▼▼▼
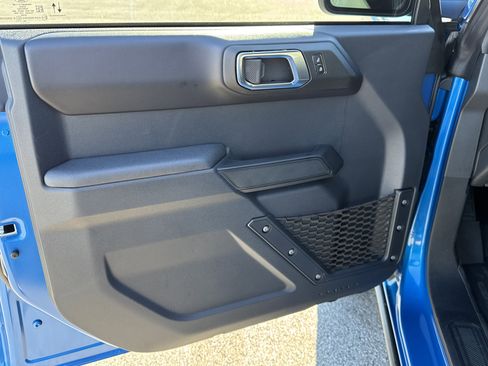 New 2025 Ford Bronco Badlands image 11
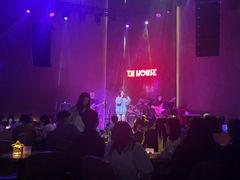 -TZ House音乐现场(来福士中心店)
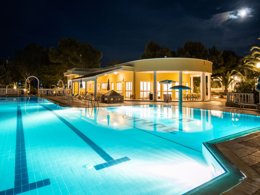 Camping Pas Cher vous présente avec son site Officiel campingpascher.fr, le Camping Village Piano Grande classé 3 étoiles, situé sur la commune de Vieste dans le département Foggia (Pouilles) en Italie. Le camping Village Piano Grande vous propose un hébergement de type appartement de 20 m² pour 2 personnes avec climatisation (télévision). L'établissement vous propose 2 autres types d'hébergements. Découvrez tous nos séjours à petits prix dans la commune et aux alentours de Vieste du département : Foggia (Pouilles). Piscine extérieure, Animations familiales, Club enfants, Aire de jeux enfants, Court de tennis, Pétanque, Surf, Terrain de football, Bar, Pizzeria, Plats à emporter, Supermarché,... En savoir plus : cliquez-ICI.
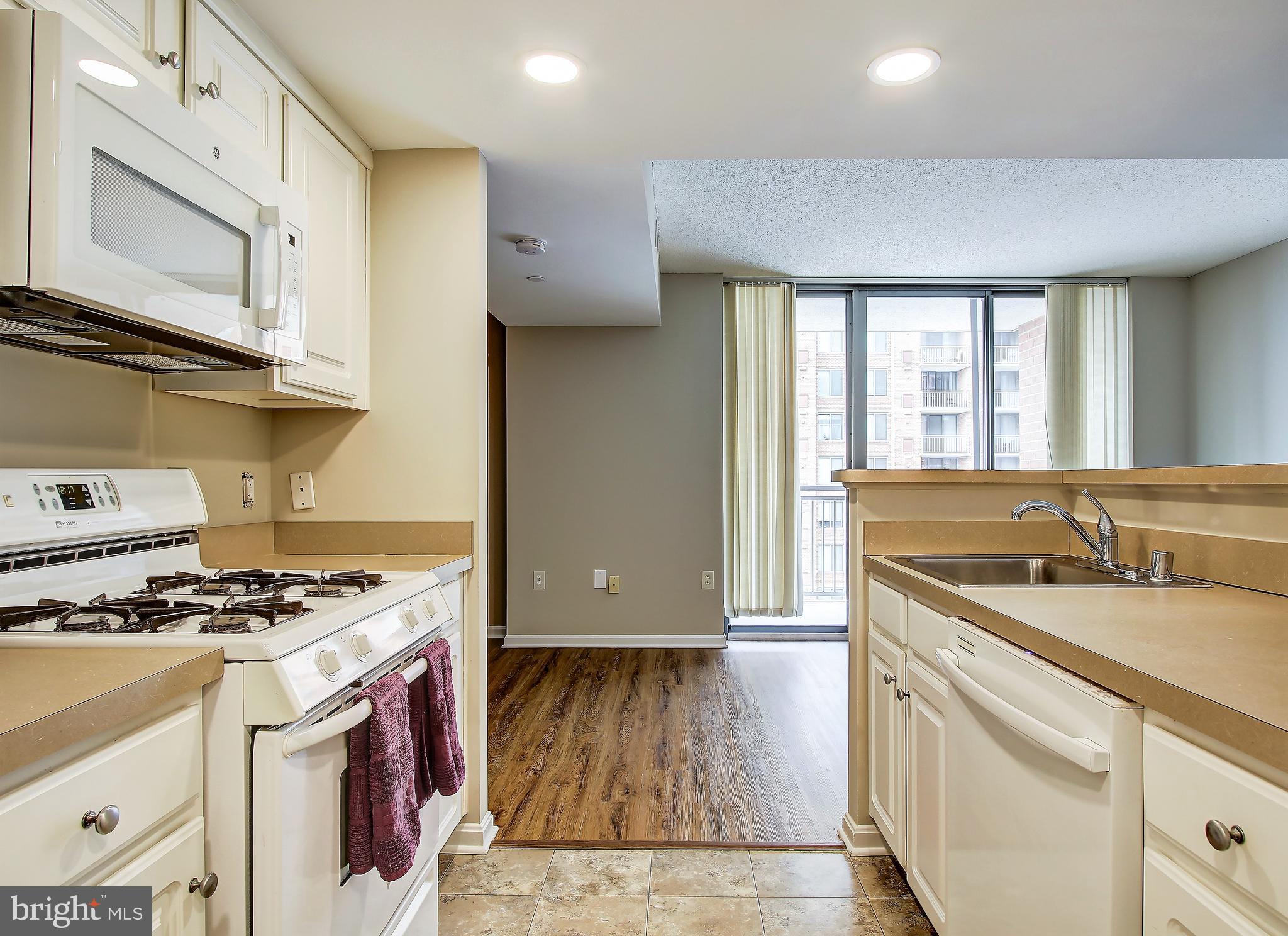 GALLERY AT WHITE FLINT - Residential Lease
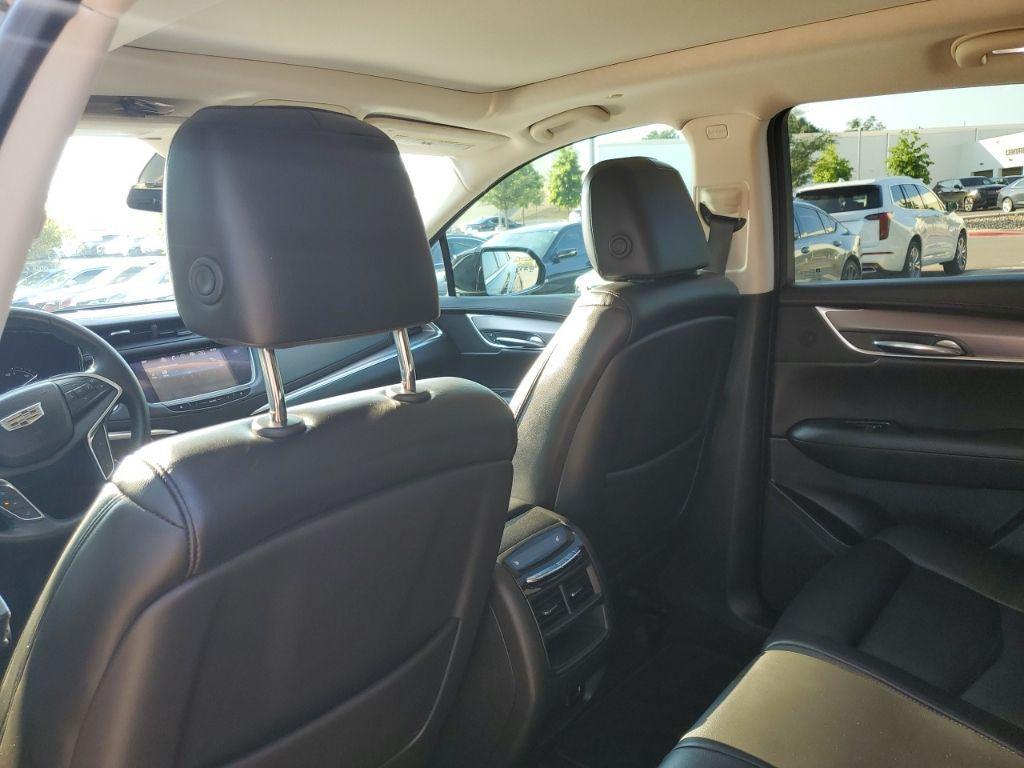 used 2017 Cadillac XT5 car, priced at $18,993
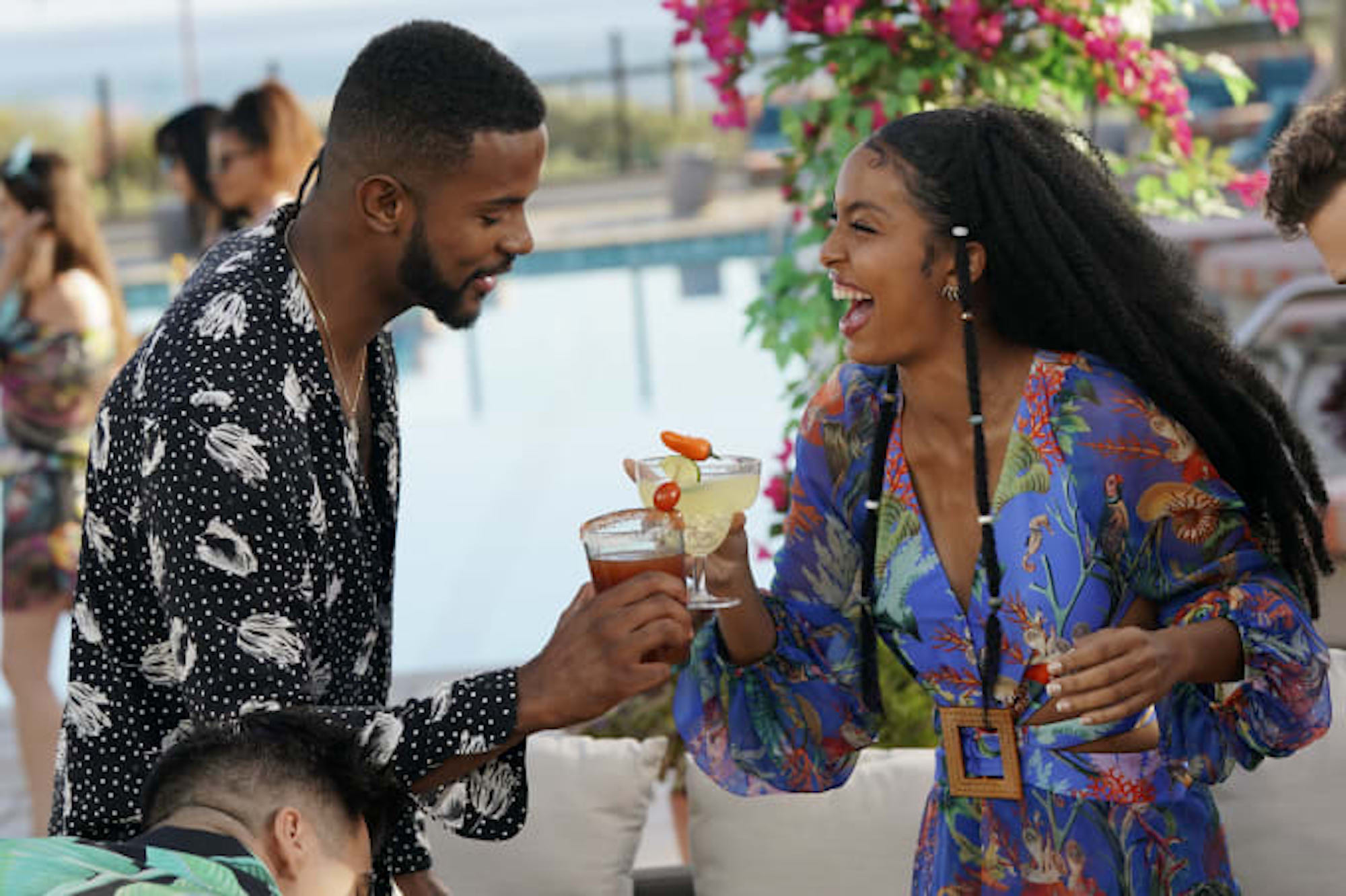 grown-ish s4 poolside drinks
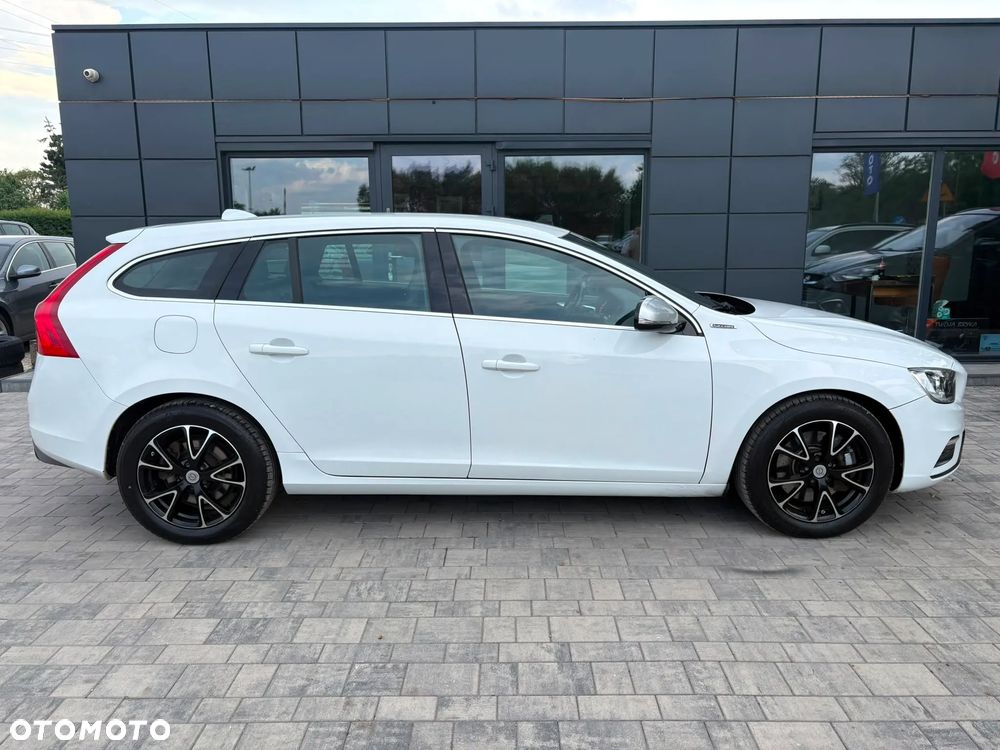 Volvo V60 D6 AWD Plug-in Hybrid R-Design Momentum - 6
▲▲▲
No pictures belong in the copy; quote exactly the lines from the line containing "used 2017 Cadillac" through the final line of the material, both ends included.

§ **SOLVED PROBLEM**:
 used 2017 Cadillac XT5 car, priced at $18,993
 grown-ish s4 poolside drinks
 Volvo V60 D6 AWD Plug-in Hybrid R-Design Momentum - 6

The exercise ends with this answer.